Recorded data:
*** Block opens ***

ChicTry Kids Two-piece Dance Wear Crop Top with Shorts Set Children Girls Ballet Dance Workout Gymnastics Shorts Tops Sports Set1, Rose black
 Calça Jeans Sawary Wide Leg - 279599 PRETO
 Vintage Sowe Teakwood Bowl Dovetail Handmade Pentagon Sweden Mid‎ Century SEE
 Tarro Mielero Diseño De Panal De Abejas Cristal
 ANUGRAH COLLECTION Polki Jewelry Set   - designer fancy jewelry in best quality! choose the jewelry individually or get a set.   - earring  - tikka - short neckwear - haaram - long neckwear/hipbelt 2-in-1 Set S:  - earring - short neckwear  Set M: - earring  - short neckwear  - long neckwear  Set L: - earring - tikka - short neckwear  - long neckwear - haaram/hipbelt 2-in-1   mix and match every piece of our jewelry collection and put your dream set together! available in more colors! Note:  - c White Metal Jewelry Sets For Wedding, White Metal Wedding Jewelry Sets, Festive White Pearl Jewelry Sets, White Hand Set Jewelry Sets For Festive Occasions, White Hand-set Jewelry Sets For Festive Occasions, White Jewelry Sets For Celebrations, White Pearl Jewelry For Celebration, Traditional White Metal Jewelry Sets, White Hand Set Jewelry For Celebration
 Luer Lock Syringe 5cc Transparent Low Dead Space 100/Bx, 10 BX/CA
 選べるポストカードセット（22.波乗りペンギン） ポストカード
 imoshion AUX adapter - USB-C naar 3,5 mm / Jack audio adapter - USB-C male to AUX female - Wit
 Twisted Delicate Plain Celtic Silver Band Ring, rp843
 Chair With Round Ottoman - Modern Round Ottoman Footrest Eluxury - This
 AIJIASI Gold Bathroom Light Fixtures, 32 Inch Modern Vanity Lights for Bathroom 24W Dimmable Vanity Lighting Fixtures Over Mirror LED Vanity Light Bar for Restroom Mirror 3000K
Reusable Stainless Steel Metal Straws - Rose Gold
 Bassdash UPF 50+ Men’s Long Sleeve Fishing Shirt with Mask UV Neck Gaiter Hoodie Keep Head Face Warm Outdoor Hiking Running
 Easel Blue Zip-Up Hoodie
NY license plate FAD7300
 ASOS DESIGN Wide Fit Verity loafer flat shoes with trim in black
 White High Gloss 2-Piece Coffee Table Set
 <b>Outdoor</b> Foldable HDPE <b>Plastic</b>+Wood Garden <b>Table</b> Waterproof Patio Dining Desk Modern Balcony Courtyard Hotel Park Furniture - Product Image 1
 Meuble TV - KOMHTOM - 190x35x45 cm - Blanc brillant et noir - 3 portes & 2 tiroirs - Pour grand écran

*** Block closes ***

The full set of records must be transcribed character for character.

ChicTry Kids Two-piece Dance Wear Crop Top with Shorts Set Children Girls Ballet Dance Workout Gymnastics Shorts Tops Sports Set1, Rose black
 Calça Jeans Sawary Wide Leg - 279599 PRETO
 Vintage Sowe Teakwood Bowl Dovetail Handmade Pentagon Sweden Mid‎ Century SEE
 Tarro Mielero Diseño De Panal De Abejas Cristal
 ANUGRAH COLLECTION Polki Jewelry Set   - designer fancy jewelry in best quality! choose the jewelry individually or get a set.   - earring  - tikka - short neckwear - haaram - long neckwear/hipbelt 2-in-1 Set S:  - earring - short neckwear  Set M: - earring  - short neckwear  - long neckwear  Set L: - earring - tikka - short neckwear  - long neckwear - haaram/hipbelt 2-in-1   mix and match every piece of our jewelry collection and put your dream set together! available in more colors! Note:  - c White Metal Jewelry Sets For Wedding, White Metal Wedding Jewelry Sets, Festive White Pearl Jewelry Sets, White Hand Set Jewelry Sets For Festive Occasions, White Hand-set Jewelry Sets For Festive Occasions, White Jewelry Sets For Celebrations, White Pearl Jewelry For Celebration, Traditional White Metal Jewelry Sets, White Hand Set Jewelry For Celebration
 Luer Lock Syringe 5cc Transparent Low Dead Space 100/Bx, 10 BX/CA
 選べるポストカードセット（22.波乗りペンギン） ポストカード
 imoshion AUX adapter - USB-C naar 3,5 mm / Jack audio adapter - USB-C male to AUX female - Wit
 Twisted Delicate Plain Celtic Silver Band Ring, rp843
 Chair With Round Ottoman - Modern Round Ottoman Footrest Eluxury - This
 AIJIASI Gold Bathroom Light Fixtures, 32 Inch Modern Vanity Lights for Bathroom 24W Dimmable Vanity Lighting Fixtures Over Mirror LED Vanity Light Bar for Restroom Mirror 3000K
Reusable Stainless Steel Metal Straws - Rose Gold
 Bassdash UPF 50+ Men’s Long Sleeve Fishing Shirt with Mask UV Neck Gaiter Hoodie Keep Head Face Warm Outdoor Hiking Running
 Easel Blue Zip-Up Hoodie
NY license plate FAD7300
 ASOS DESIGN Wide Fit Verity loafer flat shoes with trim in black
 White High Gloss 2-Piece Coffee Table Set
 <b>Outdoor</b> Foldable HDPE <b>Plastic</b>+Wood Garden <b>Table</b> Waterproof Patio Dining Desk Modern Balcony Courtyard Hotel Park Furniture - Product Image 1
 Meuble TV - KOMHTOM - 190x35x45 cm - Blanc brillant et noir - 3 portes & 2 tiroirs - Pour grand écran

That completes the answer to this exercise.